--- Data provided Enclosed Below ---

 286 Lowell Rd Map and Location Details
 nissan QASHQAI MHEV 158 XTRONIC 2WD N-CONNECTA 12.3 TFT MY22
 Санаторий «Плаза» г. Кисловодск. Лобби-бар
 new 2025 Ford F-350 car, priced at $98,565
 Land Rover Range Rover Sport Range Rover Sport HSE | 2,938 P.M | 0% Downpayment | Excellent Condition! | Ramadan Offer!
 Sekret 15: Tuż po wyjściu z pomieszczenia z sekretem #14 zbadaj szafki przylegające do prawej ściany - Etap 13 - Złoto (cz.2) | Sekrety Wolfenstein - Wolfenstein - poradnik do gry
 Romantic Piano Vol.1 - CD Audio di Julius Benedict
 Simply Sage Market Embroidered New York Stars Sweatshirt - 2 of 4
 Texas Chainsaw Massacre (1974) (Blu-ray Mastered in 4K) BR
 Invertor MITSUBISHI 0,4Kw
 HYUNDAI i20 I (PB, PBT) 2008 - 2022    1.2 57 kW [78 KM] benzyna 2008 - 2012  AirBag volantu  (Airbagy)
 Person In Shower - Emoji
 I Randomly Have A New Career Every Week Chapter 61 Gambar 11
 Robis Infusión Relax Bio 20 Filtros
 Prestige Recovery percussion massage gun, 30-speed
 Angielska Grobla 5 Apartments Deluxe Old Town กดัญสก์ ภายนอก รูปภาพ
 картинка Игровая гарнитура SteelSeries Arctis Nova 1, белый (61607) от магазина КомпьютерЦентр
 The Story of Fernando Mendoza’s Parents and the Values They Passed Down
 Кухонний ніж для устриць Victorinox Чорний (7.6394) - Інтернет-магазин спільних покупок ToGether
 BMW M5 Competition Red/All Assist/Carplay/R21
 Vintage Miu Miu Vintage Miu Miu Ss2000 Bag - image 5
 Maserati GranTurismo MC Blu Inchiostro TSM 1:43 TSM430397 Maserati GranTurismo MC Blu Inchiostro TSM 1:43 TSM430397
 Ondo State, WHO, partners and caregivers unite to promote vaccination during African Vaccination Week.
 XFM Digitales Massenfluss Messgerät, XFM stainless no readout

--- End of Enclosed Data provided ---

Task directions: Each entry above has to be transcribed exactly as it appears.

Answer space:
 286 Lowell Rd Map and Location Details
 nissan QASHQAI MHEV 158 XTRONIC 2WD N-CONNECTA 12.3 TFT MY22
 Санаторий «Плаза» г. Кисловодск. Лобби-бар
 new 2025 Ford F-350 car, priced at $98,565
 Land Rover Range Rover Sport Range Rover Sport HSE | 2,938 P.M | 0% Downpayment | Excellent Condition! | Ramadan Offer!
 Sekret 15: Tuż po wyjściu z pomieszczenia z sekretem #14 zbadaj szafki przylegające do prawej ściany - Etap 13 - Złoto (cz.2) | Sekrety Wolfenstein - Wolfenstein - poradnik do gry
 Romantic Piano Vol.1 - CD Audio di Julius Benedict
 Simply Sage Market Embroidered New York Stars Sweatshirt - 2 of 4
 Texas Chainsaw Massacre (1974) (Blu-ray Mastered in 4K) BR
 Invertor MITSUBISHI 0,4Kw
 HYUNDAI i20 I (PB, PBT) 2008 - 2022    1.2 57 kW [78 KM] benzyna 2008 - 2012  AirBag volantu  (Airbagy)
 Person In Shower - Emoji
 I Randomly Have A New Career Every Week Chapter 61 Gambar 11
 Robis Infusión Relax Bio 20 Filtros
 Prestige Recovery percussion massage gun, 30-speed
 Angielska Grobla 5 Apartments Deluxe Old Town กดัญสก์ ภายนอก รูปภาพ
 картинка Игровая гарнитура SteelSeries Arctis Nova 1, белый (61607) от магазина КомпьютерЦентр
 The Story of Fernando Mendoza’s Parents and the Values They Passed Down
 Кухонний ніж для устриць Victorinox Чорний (7.6394) - Інтернет-магазин спільних покупок ToGether
 BMW M5 Competition Red/All Assist/Carplay/R21
 Vintage Miu Miu Vintage Miu Miu Ss2000 Bag - image 5
 Maserati GranTurismo MC Blu Inchiostro TSM 1:43 TSM430397 Maserati GranTurismo MC Blu Inchiostro TSM 1:43 TSM430397
 Ondo State, WHO, partners and caregivers unite to promote vaccination during African Vaccination Week.
 XFM Digitales Massenfluss Messgerät, XFM stainless no readout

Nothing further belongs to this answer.